Take the naga on the cover – inspired by snakes in the Mekong river, these CR 5 nagas get fire resistance, fast swimming and an array of spells – which, strangely, feature several “3/4″s before spell names in an uncommon formatting glitch that extends to other creatures. The naga’s poison causes fire damage, which is an interesting twist, but overall, I wasn’t too blown away by this one. Next up is the CR 8 Neak Ta Kami – an innocuous piece of wood with a painted face on some bricks with twigs. Cute, small…and will mess you up if you: With superb telekinetic abilities and a devastating 3/day cyclone while within reach of its ward, these kami are benevolent and sweet…but if you try to destroy them…well. Don’t.
The Kmoch Pray (CR 11) is creepy. Really creepy. Think of a tree covered in caustic, yellow sap that can fling it in globs…oh, and it has deadly, scythe-like claws…as well as a weakness to positive energy. Absolutely unique, creative and awesome – glorious critter! Speaking of “never saw that one before” – the Kting Voar (CR 4), a bovine beast whose horns erupt from bones is a great example of good animal design: Powerful and all about sensible abilities, using reinforced horns, tough skin and trampling to defeat its foes.
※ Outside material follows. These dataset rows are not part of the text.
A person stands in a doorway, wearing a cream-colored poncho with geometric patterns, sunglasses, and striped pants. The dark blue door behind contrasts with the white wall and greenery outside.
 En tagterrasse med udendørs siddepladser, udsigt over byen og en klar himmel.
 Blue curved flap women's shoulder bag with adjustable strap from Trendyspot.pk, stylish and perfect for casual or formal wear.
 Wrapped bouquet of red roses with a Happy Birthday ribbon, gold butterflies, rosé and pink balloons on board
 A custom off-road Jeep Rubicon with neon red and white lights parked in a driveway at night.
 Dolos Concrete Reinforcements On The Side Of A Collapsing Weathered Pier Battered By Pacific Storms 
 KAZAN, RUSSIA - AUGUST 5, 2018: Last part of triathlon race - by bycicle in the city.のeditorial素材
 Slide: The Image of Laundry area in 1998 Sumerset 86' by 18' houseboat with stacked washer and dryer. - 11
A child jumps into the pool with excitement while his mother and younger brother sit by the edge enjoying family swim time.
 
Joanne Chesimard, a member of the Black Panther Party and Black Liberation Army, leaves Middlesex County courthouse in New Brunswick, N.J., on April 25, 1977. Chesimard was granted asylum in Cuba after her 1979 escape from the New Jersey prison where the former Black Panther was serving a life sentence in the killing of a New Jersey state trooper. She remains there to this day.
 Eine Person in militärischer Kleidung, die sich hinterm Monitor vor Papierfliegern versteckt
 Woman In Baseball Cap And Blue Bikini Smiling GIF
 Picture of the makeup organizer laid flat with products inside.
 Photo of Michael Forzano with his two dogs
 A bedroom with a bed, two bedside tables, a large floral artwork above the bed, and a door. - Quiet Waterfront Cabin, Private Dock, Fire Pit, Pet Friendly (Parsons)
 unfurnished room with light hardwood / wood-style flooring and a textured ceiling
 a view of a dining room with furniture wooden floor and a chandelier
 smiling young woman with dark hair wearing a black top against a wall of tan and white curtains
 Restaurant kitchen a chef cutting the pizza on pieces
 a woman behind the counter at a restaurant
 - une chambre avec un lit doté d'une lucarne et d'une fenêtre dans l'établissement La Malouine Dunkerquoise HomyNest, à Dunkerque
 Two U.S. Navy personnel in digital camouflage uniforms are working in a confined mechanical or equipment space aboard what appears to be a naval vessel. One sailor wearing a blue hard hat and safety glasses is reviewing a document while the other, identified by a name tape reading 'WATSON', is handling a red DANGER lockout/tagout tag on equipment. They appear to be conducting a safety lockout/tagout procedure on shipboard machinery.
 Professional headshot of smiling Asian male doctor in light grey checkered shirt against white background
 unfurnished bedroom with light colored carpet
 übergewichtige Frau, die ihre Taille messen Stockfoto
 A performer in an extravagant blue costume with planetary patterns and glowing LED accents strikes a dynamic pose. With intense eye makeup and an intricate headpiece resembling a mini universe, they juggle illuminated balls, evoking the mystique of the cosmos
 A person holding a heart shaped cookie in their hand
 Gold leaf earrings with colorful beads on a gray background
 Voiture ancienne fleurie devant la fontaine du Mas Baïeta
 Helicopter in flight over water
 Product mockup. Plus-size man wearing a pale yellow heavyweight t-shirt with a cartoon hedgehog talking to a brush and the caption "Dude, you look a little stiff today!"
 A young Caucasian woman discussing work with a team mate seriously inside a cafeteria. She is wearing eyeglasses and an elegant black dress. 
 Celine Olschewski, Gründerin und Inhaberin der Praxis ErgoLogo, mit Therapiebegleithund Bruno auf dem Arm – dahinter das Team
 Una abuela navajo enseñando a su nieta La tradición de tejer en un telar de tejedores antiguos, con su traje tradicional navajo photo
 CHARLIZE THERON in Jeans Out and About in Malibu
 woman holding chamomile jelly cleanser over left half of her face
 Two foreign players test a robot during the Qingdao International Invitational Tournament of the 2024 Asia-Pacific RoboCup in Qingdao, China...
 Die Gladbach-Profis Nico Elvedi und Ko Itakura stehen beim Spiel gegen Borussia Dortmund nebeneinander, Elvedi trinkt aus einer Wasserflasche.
This one, I’ve seen before, though: The Bakeneko Oni (CR 3) is pretty much a staple of Japanese mythology and one that ultimately has me surprised it has not been done by Paizo at this point. Anyways, think of them as maleficent halfling-sized cats that can stand upright with a scoiopathic rictus-grin. With some nasty, stealth-enhancing SPs as well as the option to denote creatures as marked by their envy, they are a nice take on the evil trickster. At CR 6, the Yeren Oni would be the embodiment of the excessive need to withdraw from society to live in the woods…and while that’s a black metal cliché, it’s one I can empathize with. Basically, think of these fellows as a cross between the sasquatch and an oni, with appropriate nature-themed SPs and the option to create scrawlings that confuse the happless traveler AND then erases their memory. This one ability makes this creature stand out for me – you can make a really nasty investigation out of this premise.
Okay, so what about a turtle with a crystalline shell that has a powerful weapon embedded in its back? (Sword in the stone? Who needs a sword in the stone when you can have a sword from a turtle!) These creatures are the Quyrua (CR 6) and they are the caretakers of the magical weapons embedded in them – they are sentient and honorable stewards and may allow creatures to draw their weapon – but are slain in the process. Very cool idea here!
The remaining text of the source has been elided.